Friday, March 27, 2015
Regression to the Mean and the Single Most Important Thing We Can Do to Fix Fraternity Communities
Regression to the mean doesn’t just happen in statistics. In happens in real life.
It is the single biggest challenge facing fraternity communities on college campuses today.
It’s a familiar story – a fraternity finally screws up badly enough for its national headquarters and/or the host university to close the chapter, with all of the usual weeping and gnashing of teeth. After a hiatus of a few years, the fraternity comes back to the campus and recolonizes that chapter.
Most of the time, the national headquarters does a great job recruiting the right guys for the right reasons into the newly recolonized group. They are the “maybe joiners” or “never joiners” we love to talk about – those guys not interested in the stereotypical fraternity experience, but who are interested in a value-added experience that helps enrich their college experience in a meaningful way. And so it goes for a few years – the chapter is high performing, recruiting other good guys interested in joining for the right reasons. Maybe they have the best grades on campus. They may even win a few national awards.
But you know how this story ends.
After a few years, after all of the founding members have graduated and the notion of offering an experience that is “different” becomes less salient in the minds of current members, the inevitable happens.
Regression to the mean.
The chapter members start looking around, comparing themselves to other groups on campus who have a more prominent position in the social hierarchy. As they look around, they begin to ask themselves “Hey – how can we be more like those groups? How can we increase our social capital? How can we stop being the dorky fraternity and be more like the cool groups?” And, over time, they become less of an outlier and begin looking more and more like the other fraternities on campus.
They become, for lack of a better term, average.
This is not the result of some phenomenon unique to the college fraternity. Rather, it is the result of a widely observed statistical law. We can’t change it. Regression to the mean is inevitable.
The only way to offset the effects of regression to the mean is to elevate the mean.
In other words, we have to redefine what it means to be an “average fraternity” on a campus. The average fraternity needs to be much higher performing that today’s average fraternity. If we are able to elevate the mean, then the results of regression to the mean will be less disastrous than they currently are on a majority of college campuses.

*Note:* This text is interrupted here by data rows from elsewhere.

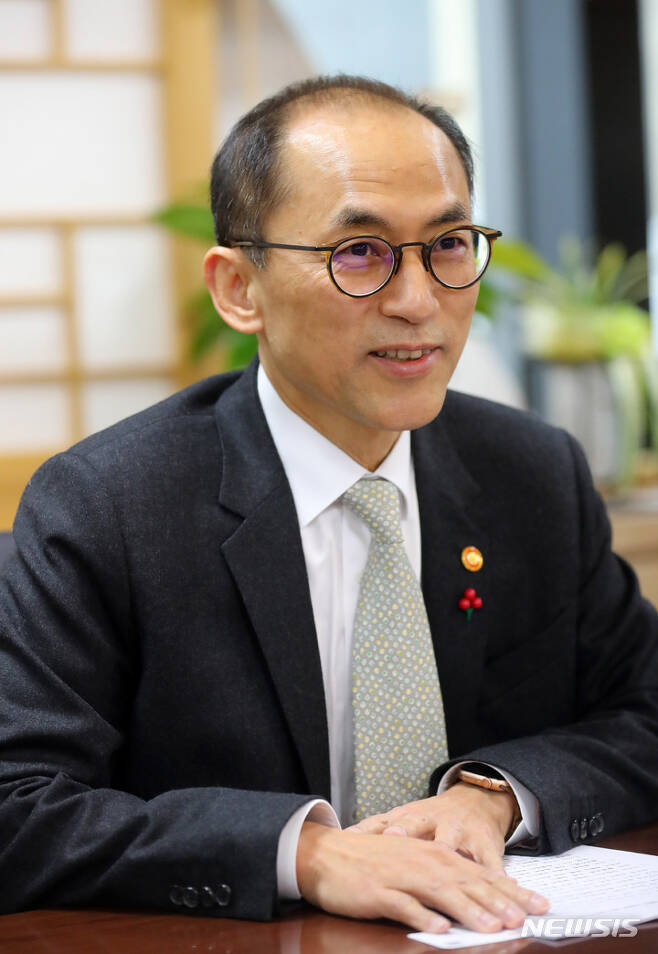 라인정보기술 이미지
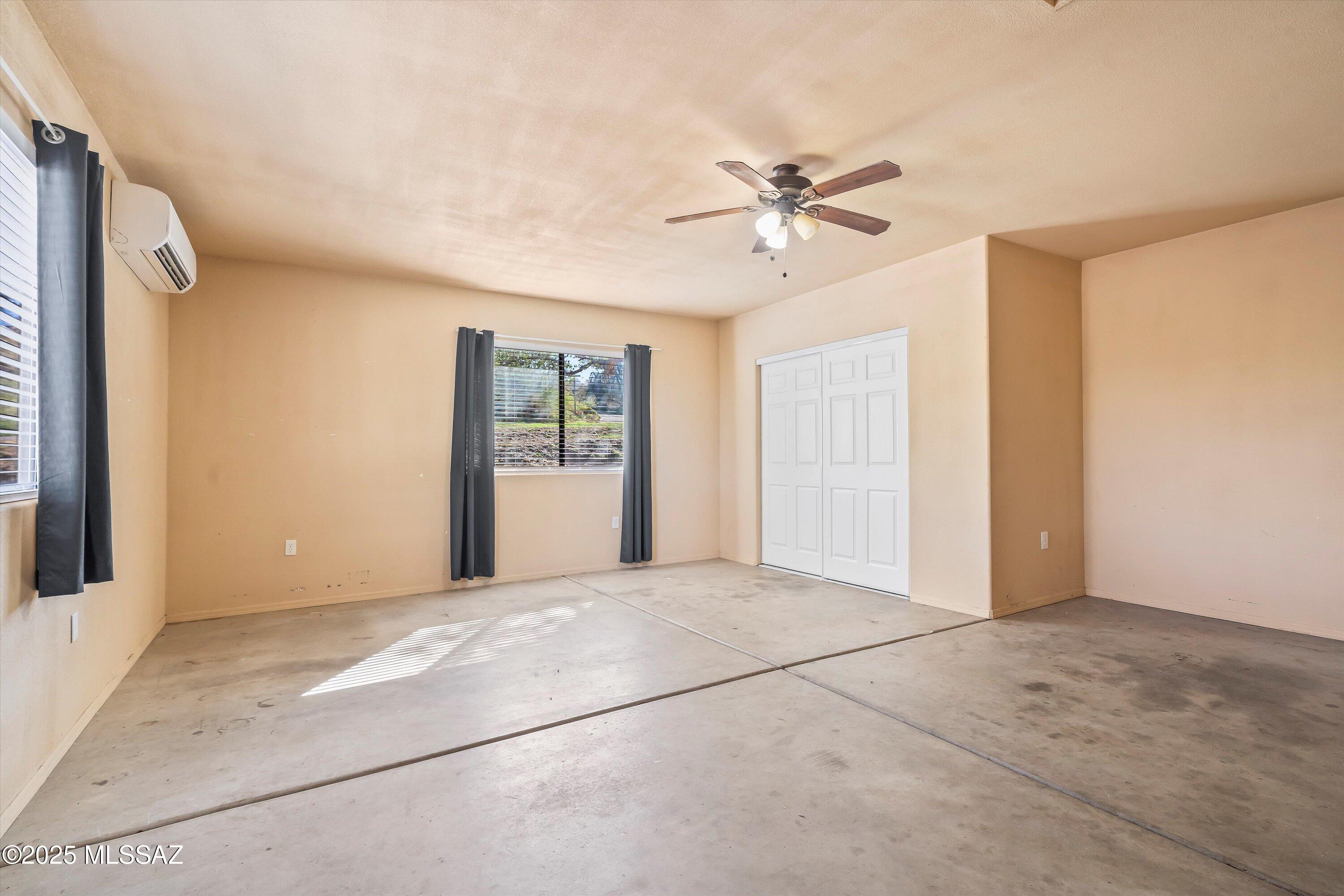 990 N Mountain View Drive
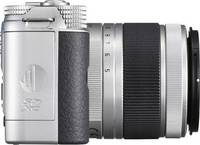 Pentax Q10 in silber mit 5-15mm von rechts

But how do we do that? How do we artificially and positively adjust the mean on a particular campus?
Here is my idea:
Every year, the executive directors of all of the fraternities and sororities should get together and hold a secret ballot vote. The question put to them should be “what is the campus that gives you the most headaches.” Each executive director gets one vote. An independent arbiter would tally the votes and announce the 10 campuses who received the highest number of votes. Whether or not other campuses can volunteer as tribute is a matter I am open to discussing.
Those 10 campuses would then get their worlds rocked.
If a campus makes the “Top 10” list, the campus administration would be notified and representatives from the national groups would make a trip to that campus to work on a plan of action on that campus. Each group represented on that campus would volunteer to undertake an exhaustive membership review, getting rid of every single bad apple in the barrel. They would institute models of shared governance. They would mandate alcohol free housing. Guys only there for the party? Gone. Guys only interested in drinking and hazing pledges? Gone. Guys who underperform academically and don’t give a darn for community service? Gone. You get the idea.
In exchange for this cleanse, every campus selected should agree to increase its staffing and support of the fraternity/sorority advising office. Commit resources to hiring additional staff – seasoned staff with the ability to align the fraternity/sorority program with the goals and mission of the host institution. Commit to recruiting, training and providing support to additional chapter advisors. Invest in meaningful educational programming. Spend serious time and resources building an infrastructure capable of sustaining a thriving and successful Greek community.
Will this approach fix all of our problems? Of course not. 18-22 year old college students are always going to be 18-22 year old college students. They will continue to experiment with boundaries and make mistakes. And we can all be there to help them learn and grow from those mistakes.
But if this type of system were actually implemented, imagine the impact it could have. In a period of five years, 50 campus fraternity communities would be completely transformed. It would institute a “new normal” of what it means to be in a fraternity on those campuses. And as new groups come to campus and “regress to the mean,” the mean to which they are regressing will be shifted upward in a significant and meaningful way.
We can’t stop regression to the mean, but we can change the mean to which organizations regress. And doing so may be our best chance at fixing our broken fraternity system.